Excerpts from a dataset
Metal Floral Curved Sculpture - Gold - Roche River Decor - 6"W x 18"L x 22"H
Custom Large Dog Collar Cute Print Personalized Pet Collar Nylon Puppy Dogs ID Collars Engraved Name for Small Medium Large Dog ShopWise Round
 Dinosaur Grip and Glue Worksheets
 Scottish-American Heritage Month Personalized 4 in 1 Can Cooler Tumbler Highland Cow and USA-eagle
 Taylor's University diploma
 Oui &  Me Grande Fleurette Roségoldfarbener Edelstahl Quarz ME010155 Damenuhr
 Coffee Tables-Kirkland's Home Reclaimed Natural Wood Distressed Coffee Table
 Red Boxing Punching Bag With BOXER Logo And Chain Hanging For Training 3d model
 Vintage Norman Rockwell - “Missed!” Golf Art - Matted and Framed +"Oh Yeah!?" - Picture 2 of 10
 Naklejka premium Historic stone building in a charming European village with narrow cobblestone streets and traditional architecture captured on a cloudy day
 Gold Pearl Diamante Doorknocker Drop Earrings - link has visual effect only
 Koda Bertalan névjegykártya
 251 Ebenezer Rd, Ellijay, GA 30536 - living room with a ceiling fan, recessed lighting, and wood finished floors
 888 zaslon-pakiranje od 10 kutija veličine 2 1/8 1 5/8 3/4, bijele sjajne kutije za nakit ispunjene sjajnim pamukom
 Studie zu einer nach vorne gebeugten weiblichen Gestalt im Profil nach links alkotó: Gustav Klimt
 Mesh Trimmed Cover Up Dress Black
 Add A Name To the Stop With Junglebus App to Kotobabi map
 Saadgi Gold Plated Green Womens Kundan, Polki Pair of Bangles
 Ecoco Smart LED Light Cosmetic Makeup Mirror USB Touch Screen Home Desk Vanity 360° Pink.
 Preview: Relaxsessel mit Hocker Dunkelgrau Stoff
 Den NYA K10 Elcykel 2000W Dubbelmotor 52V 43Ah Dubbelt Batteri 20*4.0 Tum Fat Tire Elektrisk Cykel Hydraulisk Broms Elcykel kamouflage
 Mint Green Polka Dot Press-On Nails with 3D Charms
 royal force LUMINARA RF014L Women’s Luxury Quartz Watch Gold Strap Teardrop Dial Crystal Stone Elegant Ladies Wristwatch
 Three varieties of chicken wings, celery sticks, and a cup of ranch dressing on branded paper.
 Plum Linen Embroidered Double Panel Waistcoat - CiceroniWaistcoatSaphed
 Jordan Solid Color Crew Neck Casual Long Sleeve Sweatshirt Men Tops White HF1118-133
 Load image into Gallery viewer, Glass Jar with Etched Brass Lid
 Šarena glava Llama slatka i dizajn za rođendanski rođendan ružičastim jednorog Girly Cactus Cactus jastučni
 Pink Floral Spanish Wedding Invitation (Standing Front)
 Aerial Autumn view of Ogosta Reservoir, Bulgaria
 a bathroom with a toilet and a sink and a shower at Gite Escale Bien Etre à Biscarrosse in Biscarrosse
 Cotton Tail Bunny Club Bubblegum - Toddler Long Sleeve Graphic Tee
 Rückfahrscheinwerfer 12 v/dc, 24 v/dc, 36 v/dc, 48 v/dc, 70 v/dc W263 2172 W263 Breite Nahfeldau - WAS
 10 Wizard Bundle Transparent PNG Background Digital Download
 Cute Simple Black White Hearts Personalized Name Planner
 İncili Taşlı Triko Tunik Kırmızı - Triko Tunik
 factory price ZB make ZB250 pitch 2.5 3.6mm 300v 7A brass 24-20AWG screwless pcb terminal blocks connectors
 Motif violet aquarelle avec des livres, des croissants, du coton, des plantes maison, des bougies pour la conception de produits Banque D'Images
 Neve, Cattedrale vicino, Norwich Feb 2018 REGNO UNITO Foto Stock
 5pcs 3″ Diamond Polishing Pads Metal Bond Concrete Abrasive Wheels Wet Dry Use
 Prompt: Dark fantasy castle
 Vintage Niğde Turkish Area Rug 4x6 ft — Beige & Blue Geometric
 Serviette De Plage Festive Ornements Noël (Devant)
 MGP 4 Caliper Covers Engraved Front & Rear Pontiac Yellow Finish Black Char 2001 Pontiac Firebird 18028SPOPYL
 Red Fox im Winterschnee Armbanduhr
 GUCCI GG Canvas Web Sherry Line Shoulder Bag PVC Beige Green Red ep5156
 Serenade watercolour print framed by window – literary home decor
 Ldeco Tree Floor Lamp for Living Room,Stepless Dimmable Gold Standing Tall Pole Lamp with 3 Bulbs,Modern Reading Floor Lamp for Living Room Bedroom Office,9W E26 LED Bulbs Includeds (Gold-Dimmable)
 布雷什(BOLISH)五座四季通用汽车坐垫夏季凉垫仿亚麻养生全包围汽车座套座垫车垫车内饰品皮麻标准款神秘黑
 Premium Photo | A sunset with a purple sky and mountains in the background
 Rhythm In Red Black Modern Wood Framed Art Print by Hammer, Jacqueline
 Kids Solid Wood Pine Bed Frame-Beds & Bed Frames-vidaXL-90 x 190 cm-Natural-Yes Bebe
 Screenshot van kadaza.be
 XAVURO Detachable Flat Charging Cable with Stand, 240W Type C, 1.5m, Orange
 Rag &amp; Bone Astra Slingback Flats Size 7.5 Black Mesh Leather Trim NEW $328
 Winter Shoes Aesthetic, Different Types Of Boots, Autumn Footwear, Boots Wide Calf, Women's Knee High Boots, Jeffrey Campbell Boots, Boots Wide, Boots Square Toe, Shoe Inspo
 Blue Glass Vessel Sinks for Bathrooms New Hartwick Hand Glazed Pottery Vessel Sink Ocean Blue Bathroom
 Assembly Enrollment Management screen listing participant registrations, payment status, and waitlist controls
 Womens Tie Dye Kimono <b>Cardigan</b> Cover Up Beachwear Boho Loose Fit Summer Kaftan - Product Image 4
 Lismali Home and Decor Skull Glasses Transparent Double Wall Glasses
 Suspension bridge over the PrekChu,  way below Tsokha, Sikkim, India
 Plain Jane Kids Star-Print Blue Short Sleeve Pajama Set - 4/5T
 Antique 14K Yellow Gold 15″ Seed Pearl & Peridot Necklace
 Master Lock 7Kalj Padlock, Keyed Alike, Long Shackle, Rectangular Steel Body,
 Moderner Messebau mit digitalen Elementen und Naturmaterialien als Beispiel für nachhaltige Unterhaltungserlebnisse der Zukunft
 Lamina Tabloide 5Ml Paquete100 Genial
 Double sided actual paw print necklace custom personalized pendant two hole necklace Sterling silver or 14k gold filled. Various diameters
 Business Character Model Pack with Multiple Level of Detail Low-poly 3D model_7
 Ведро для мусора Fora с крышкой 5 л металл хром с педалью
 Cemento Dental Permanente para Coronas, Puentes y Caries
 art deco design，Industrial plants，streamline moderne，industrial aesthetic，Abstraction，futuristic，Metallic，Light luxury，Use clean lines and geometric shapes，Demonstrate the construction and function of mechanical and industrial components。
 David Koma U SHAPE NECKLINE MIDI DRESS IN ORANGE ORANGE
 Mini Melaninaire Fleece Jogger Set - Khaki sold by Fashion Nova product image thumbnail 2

== Problem ==
The records above should be repeated word for word.

== Response ==
Metal Floral Curved Sculpture - Gold - Roche River Decor - 6"W x 18"L x 22"H
Custom Large Dog Collar Cute Print Personalized Pet Collar Nylon Puppy Dogs ID Collars Engraved Name for Small Medium Large Dog ShopWise Round
 Dinosaur Grip and Glue Worksheets
 Scottish-American Heritage Month Personalized 4 in 1 Can Cooler Tumbler Highland Cow and USA-eagle
 Taylor's University diploma
 Oui &  Me Grande Fleurette Roségoldfarbener Edelstahl Quarz ME010155 Damenuhr
 Coffee Tables-Kirkland's Home Reclaimed Natural Wood Distressed Coffee Table
 Red Boxing Punching Bag With BOXER Logo And Chain Hanging For Training 3d model
 Vintage Norman Rockwell - “Missed!” Golf Art - Matted and Framed +"Oh Yeah!?" - Picture 2 of 10
 Naklejka premium Historic stone building in a charming European village with narrow cobblestone streets and traditional architecture captured on a cloudy day
 Gold Pearl Diamante Doorknocker Drop Earrings - link has visual effect only
 Koda Bertalan névjegykártya
 251 Ebenezer Rd, Ellijay, GA 30536 - living room with a ceiling fan, recessed lighting, and wood finished floors
 888 zaslon-pakiranje od 10 kutija veličine 2 1/8 1 5/8 3/4, bijele sjajne kutije za nakit ispunjene sjajnim pamukom
 Studie zu einer nach vorne gebeugten weiblichen Gestalt im Profil nach links alkotó: Gustav Klimt
 Mesh Trimmed Cover Up Dress Black
 Add A Name To the Stop With Junglebus App to Kotobabi map
 Saadgi Gold Plated Green Womens Kundan, Polki Pair of Bangles
 Ecoco Smart LED Light Cosmetic Makeup Mirror USB Touch Screen Home Desk Vanity 360° Pink.
 Preview: Relaxsessel mit Hocker Dunkelgrau Stoff
 Den NYA K10 Elcykel 2000W Dubbelmotor 52V 43Ah Dubbelt Batteri 20*4.0 Tum Fat Tire Elektrisk Cykel Hydraulisk Broms Elcykel kamouflage
 Mint Green Polka Dot Press-On Nails with 3D Charms
 royal force LUMINARA RF014L Women’s Luxury Quartz Watch Gold Strap Teardrop Dial Crystal Stone Elegant Ladies Wristwatch
 Three varieties of chicken wings, celery sticks, and a cup of ranch dressing on branded paper.
 Plum Linen Embroidered Double Panel Waistcoat - CiceroniWaistcoatSaphed
 Jordan Solid Color Crew Neck Casual Long Sleeve Sweatshirt Men Tops White HF1118-133
 Load image into Gallery viewer, Glass Jar with Etched Brass Lid
 Šarena glava Llama slatka i dizajn za rođendanski rođendan ružičastim jednorog Girly Cactus Cactus jastučni
 Pink Floral Spanish Wedding Invitation (Standing Front)
 Aerial Autumn view of Ogosta Reservoir, Bulgaria
 a bathroom with a toilet and a sink and a shower at Gite Escale Bien Etre à Biscarrosse in Biscarrosse
 Cotton Tail Bunny Club Bubblegum - Toddler Long Sleeve Graphic Tee
 Rückfahrscheinwerfer 12 v/dc, 24 v/dc, 36 v/dc, 48 v/dc, 70 v/dc W263 2172 W263 Breite Nahfeldau - WAS
 10 Wizard Bundle Transparent PNG Background Digital Download
 Cute Simple Black White Hearts Personalized Name Planner
 İncili Taşlı Triko Tunik Kırmızı - Triko Tunik
 factory price ZB make ZB250 pitch 2.5 3.6mm 300v 7A brass 24-20AWG screwless pcb terminal blocks connectors
 Motif violet aquarelle avec des livres, des croissants, du coton, des plantes maison, des bougies pour la conception de produits Banque D'Images
 Neve, Cattedrale vicino, Norwich Feb 2018 REGNO UNITO Foto Stock
 5pcs 3″ Diamond Polishing Pads Metal Bond Concrete Abrasive Wheels Wet Dry Use
 Prompt: Dark fantasy castle
 Vintage Niğde Turkish Area Rug 4x6 ft — Beige & Blue Geometric
 Serviette De Plage Festive Ornements Noël (Devant)
 MGP 4 Caliper Covers Engraved Front & Rear Pontiac Yellow Finish Black Char 2001 Pontiac Firebird 18028SPOPYL
 Red Fox im Winterschnee Armbanduhr
 GUCCI GG Canvas Web Sherry Line Shoulder Bag PVC Beige Green Red ep5156
 Serenade watercolour print framed by window – literary home decor
 Ldeco Tree Floor Lamp for Living Room,Stepless Dimmable Gold Standing Tall Pole Lamp with 3 Bulbs,Modern Reading Floor Lamp for Living Room Bedroom Office,9W E26 LED Bulbs Includeds (Gold-Dimmable)
 布雷什(BOLISH)五座四季通用汽车坐垫夏季凉垫仿亚麻养生全包围汽车座套座垫车垫车内饰品皮麻标准款神秘黑
 Premium Photo | A sunset with a purple sky and mountains in the background
 Rhythm In Red Black Modern Wood Framed Art Print by Hammer, Jacqueline
 Kids Solid Wood Pine Bed Frame-Beds & Bed Frames-vidaXL-90 x 190 cm-Natural-Yes Bebe
 Screenshot van kadaza.be
 XAVURO Detachable Flat Charging Cable with Stand, 240W Type C, 1.5m, Orange
 Rag &amp; Bone Astra Slingback Flats Size 7.5 Black Mesh Leather Trim NEW $328
 Winter Shoes Aesthetic, Different Types Of Boots, Autumn Footwear, Boots Wide Calf, Women's Knee High Boots, Jeffrey Campbell Boots, Boots Wide, Boots Square Toe, Shoe Inspo
 Blue Glass Vessel Sinks for Bathrooms New Hartwick Hand Glazed Pottery Vessel Sink Ocean Blue Bathroom
 Assembly Enrollment Management screen listing participant registrations, payment status, and waitlist controls
 Womens Tie Dye Kimono <b>Cardigan</b> Cover Up Beachwear Boho Loose Fit Summer Kaftan - Product Image 4
 Lismali Home and Decor Skull Glasses Transparent Double Wall Glasses
 Suspension bridge over the PrekChu,  way below Tsokha, Sikkim, India
 Plain Jane Kids Star-Print Blue Short Sleeve Pajama Set - 4/5T
 Antique 14K Yellow Gold 15″ Seed Pearl & Peridot Necklace
 Master Lock 7Kalj Padlock, Keyed Alike, Long Shackle, Rectangular Steel Body,
 Moderner Messebau mit digitalen Elementen und Naturmaterialien als Beispiel für nachhaltige Unterhaltungserlebnisse der Zukunft
 Lamina Tabloide 5Ml Paquete100 Genial
 Double sided actual paw print necklace custom personalized pendant two hole necklace Sterling silver or 14k gold filled. Various diameters
 Business Character Model Pack with Multiple Level of Detail Low-poly 3D model_7
 Ведро для мусора Fora с крышкой 5 л металл хром с педалью
 Cemento Dental Permanente para Coronas, Puentes y Caries
 art deco design，Industrial plants，streamline moderne，industrial aesthetic，Abstraction，futuristic，Metallic，Light luxury，Use clean lines and geometric shapes，Demonstrate the construction and function of mechanical and industrial components。
 David Koma U SHAPE NECKLINE MIDI DRESS IN ORANGE ORANGE
 Mini Melaninaire Fleece Jogger Set - Khaki sold by Fashion Nova product image thumbnail 2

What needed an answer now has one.